- Instructions for the task -
The response must consist of all the records, retyped exactly.
# # #
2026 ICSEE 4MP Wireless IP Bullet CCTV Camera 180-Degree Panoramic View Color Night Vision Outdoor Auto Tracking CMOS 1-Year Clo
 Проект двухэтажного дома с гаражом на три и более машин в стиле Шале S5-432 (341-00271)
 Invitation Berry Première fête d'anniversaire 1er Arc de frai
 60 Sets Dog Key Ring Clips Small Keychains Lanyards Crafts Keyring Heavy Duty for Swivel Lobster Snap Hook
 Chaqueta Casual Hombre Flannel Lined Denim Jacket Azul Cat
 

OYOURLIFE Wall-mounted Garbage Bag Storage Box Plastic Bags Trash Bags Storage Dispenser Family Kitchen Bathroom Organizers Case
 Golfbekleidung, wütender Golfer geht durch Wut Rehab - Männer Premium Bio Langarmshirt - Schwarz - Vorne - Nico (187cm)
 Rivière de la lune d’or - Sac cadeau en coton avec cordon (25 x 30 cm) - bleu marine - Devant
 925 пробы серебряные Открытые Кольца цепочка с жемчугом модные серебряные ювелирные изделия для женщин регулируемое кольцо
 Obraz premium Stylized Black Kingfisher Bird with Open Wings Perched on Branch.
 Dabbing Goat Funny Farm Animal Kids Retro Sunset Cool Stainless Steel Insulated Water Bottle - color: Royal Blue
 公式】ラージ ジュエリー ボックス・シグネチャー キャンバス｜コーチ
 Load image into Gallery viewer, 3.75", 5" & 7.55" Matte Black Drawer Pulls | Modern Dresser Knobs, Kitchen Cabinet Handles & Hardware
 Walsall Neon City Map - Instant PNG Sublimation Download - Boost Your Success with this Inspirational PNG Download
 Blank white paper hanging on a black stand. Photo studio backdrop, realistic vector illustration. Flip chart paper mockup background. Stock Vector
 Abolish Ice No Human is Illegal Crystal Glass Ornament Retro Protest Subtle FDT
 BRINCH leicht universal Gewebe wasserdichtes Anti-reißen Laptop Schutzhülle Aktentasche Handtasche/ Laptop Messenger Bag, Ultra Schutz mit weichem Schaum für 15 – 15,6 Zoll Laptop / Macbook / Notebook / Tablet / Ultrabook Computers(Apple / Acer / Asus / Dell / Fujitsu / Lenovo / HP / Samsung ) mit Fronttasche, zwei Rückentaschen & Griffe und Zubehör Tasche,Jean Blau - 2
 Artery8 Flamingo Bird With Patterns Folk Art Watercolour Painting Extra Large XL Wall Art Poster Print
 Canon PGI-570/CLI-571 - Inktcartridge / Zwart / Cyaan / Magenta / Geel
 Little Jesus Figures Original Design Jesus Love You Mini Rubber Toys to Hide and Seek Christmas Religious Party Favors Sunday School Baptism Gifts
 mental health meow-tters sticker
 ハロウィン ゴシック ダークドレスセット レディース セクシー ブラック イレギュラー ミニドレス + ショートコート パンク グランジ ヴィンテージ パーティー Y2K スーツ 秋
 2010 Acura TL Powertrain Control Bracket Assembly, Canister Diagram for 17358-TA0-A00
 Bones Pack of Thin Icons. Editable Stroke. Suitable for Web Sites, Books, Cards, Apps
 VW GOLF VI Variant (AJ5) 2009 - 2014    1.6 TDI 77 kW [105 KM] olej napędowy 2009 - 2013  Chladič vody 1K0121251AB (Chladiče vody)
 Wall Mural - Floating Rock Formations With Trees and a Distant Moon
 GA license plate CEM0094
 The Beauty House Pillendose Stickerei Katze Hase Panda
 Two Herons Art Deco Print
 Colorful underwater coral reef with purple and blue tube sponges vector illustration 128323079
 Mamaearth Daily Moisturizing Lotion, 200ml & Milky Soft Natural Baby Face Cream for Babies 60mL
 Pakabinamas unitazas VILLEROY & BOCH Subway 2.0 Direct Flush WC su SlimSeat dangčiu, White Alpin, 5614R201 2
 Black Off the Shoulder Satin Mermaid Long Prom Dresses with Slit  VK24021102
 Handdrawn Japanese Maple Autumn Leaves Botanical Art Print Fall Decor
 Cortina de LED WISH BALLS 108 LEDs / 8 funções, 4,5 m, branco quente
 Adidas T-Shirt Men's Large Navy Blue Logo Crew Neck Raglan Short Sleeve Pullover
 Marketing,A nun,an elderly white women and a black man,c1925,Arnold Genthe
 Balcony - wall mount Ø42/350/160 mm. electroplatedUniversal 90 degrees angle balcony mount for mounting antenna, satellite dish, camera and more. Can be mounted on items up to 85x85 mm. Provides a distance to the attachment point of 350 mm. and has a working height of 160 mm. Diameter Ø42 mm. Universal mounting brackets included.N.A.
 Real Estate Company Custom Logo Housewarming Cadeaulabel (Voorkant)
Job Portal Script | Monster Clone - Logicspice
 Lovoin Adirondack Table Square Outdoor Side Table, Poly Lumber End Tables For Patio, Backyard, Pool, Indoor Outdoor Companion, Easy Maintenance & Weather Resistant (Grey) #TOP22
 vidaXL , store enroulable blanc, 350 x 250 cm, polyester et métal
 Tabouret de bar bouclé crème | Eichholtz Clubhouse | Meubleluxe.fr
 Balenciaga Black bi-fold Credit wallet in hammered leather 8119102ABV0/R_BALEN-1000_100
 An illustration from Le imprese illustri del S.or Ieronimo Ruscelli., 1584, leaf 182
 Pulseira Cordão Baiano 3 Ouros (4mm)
# # #
- Task answer -
2026 ICSEE 4MP Wireless IP Bullet CCTV Camera 180-Degree Panoramic View Color Night Vision Outdoor Auto Tracking CMOS 1-Year Clo
 Проект двухэтажного дома с гаражом на три и более машин в стиле Шале S5-432 (341-00271)
 Invitation Berry Première fête d'anniversaire 1er Arc de frai
 60 Sets Dog Key Ring Clips Small Keychains Lanyards Crafts Keyring Heavy Duty for Swivel Lobster Snap Hook
 Chaqueta Casual Hombre Flannel Lined Denim Jacket Azul Cat
 

OYOURLIFE Wall-mounted Garbage Bag Storage Box Plastic Bags Trash Bags Storage Dispenser Family Kitchen Bathroom Organizers Case
 Golfbekleidung, wütender Golfer geht durch Wut Rehab - Männer Premium Bio Langarmshirt - Schwarz - Vorne - Nico (187cm)
 Rivière de la lune d’or - Sac cadeau en coton avec cordon (25 x 30 cm) - bleu marine - Devant
 925 пробы серебряные Открытые Кольца цепочка с жемчугом модные серебряные ювелирные изделия для женщин регулируемое кольцо
 Obraz premium Stylized Black Kingfisher Bird with Open Wings Perched on Branch.
 Dabbing Goat Funny Farm Animal Kids Retro Sunset Cool Stainless Steel Insulated Water Bottle - color: Royal Blue
 公式】ラージ ジュエリー ボックス・シグネチャー キャンバス｜コーチ
 Load image into Gallery viewer, 3.75", 5" & 7.55" Matte Black Drawer Pulls | Modern Dresser Knobs, Kitchen Cabinet Handles & Hardware
 Walsall Neon City Map - Instant PNG Sublimation Download - Boost Your Success with this Inspirational PNG Download
 Blank white paper hanging on a black stand. Photo studio backdrop, realistic vector illustration. Flip chart paper mockup background. Stock Vector
 Abolish Ice No Human is Illegal Crystal Glass Ornament Retro Protest Subtle FDT
 BRINCH leicht universal Gewebe wasserdichtes Anti-reißen Laptop Schutzhülle Aktentasche Handtasche/ Laptop Messenger Bag, Ultra Schutz mit weichem Schaum für 15 – 15,6 Zoll Laptop / Macbook / Notebook / Tablet / Ultrabook Computers(Apple / Acer / Asus / Dell / Fujitsu / Lenovo / HP / Samsung ) mit Fronttasche, zwei Rückentaschen & Griffe und Zubehör Tasche,Jean Blau - 2
 Artery8 Flamingo Bird With Patterns Folk Art Watercolour Painting Extra Large XL Wall Art Poster Print
 Canon PGI-570/CLI-571 - Inktcartridge / Zwart / Cyaan / Magenta / Geel
 Little Jesus Figures Original Design Jesus Love You Mini Rubber Toys to Hide and Seek Christmas Religious Party Favors Sunday School Baptism Gifts
 mental health meow-tters sticker
 ハロウィン ゴシック ダークドレスセット レディース セクシー ブラック イレギュラー ミニドレス + ショートコート パンク グランジ ヴィンテージ パーティー Y2K スーツ 秋
 2010 Acura TL Powertrain Control Bracket Assembly, Canister Diagram for 17358-TA0-A00
 Bones Pack of Thin Icons. Editable Stroke. Suitable for Web Sites, Books, Cards, Apps
 VW GOLF VI Variant (AJ5) 2009 - 2014    1.6 TDI 77 kW [105 KM] olej napędowy 2009 - 2013  Chladič vody 1K0121251AB (Chladiče vody)
 Wall Mural - Floating Rock Formations With Trees and a Distant Moon
 GA license plate CEM0094
 The Beauty House Pillendose Stickerei Katze Hase Panda
 Two Herons Art Deco Print
 Colorful underwater coral reef with purple and blue tube sponges vector illustration 128323079
 Mamaearth Daily Moisturizing Lotion, 200ml & Milky Soft Natural Baby Face Cream for Babies 60mL
 Pakabinamas unitazas VILLEROY & BOCH Subway 2.0 Direct Flush WC su SlimSeat dangčiu, White Alpin, 5614R201 2
 Black Off the Shoulder Satin Mermaid Long Prom Dresses with Slit  VK24021102
 Handdrawn Japanese Maple Autumn Leaves Botanical Art Print Fall Decor
 Cortina de LED WISH BALLS 108 LEDs / 8 funções, 4,5 m, branco quente
 Adidas T-Shirt Men's Large Navy Blue Logo Crew Neck Raglan Short Sleeve Pullover
 Marketing,A nun,an elderly white women and a black man,c1925,Arnold Genthe
 Balcony - wall mount Ø42/350/160 mm. electroplatedUniversal 90 degrees angle balcony mount for mounting antenna, satellite dish, camera and more. Can be mounted on items up to 85x85 mm. Provides a distance to the attachment point of 350 mm. and has a working height of 160 mm. Diameter Ø42 mm. Universal mounting brackets included.N.A.
 Real Estate Company Custom Logo Housewarming Cadeaulabel (Voorkant)
Job Portal Script | Monster Clone - Logicspice
 Lovoin Adirondack Table Square Outdoor Side Table, Poly Lumber End Tables For Patio, Backyard, Pool, Indoor Outdoor Companion, Easy Maintenance & Weather Resistant (Grey) #TOP22
 vidaXL , store enroulable blanc, 350 x 250 cm, polyester et métal
 Tabouret de bar bouclé crème | Eichholtz Clubhouse | Meubleluxe.fr
 Balenciaga Black bi-fold Credit wallet in hammered leather 8119102ABV0/R_BALEN-1000_100
 An illustration from Le imprese illustri del S.or Ieronimo Ruscelli., 1584, leaf 182
 Pulseira Cordão Baiano 3 Ouros (4mm)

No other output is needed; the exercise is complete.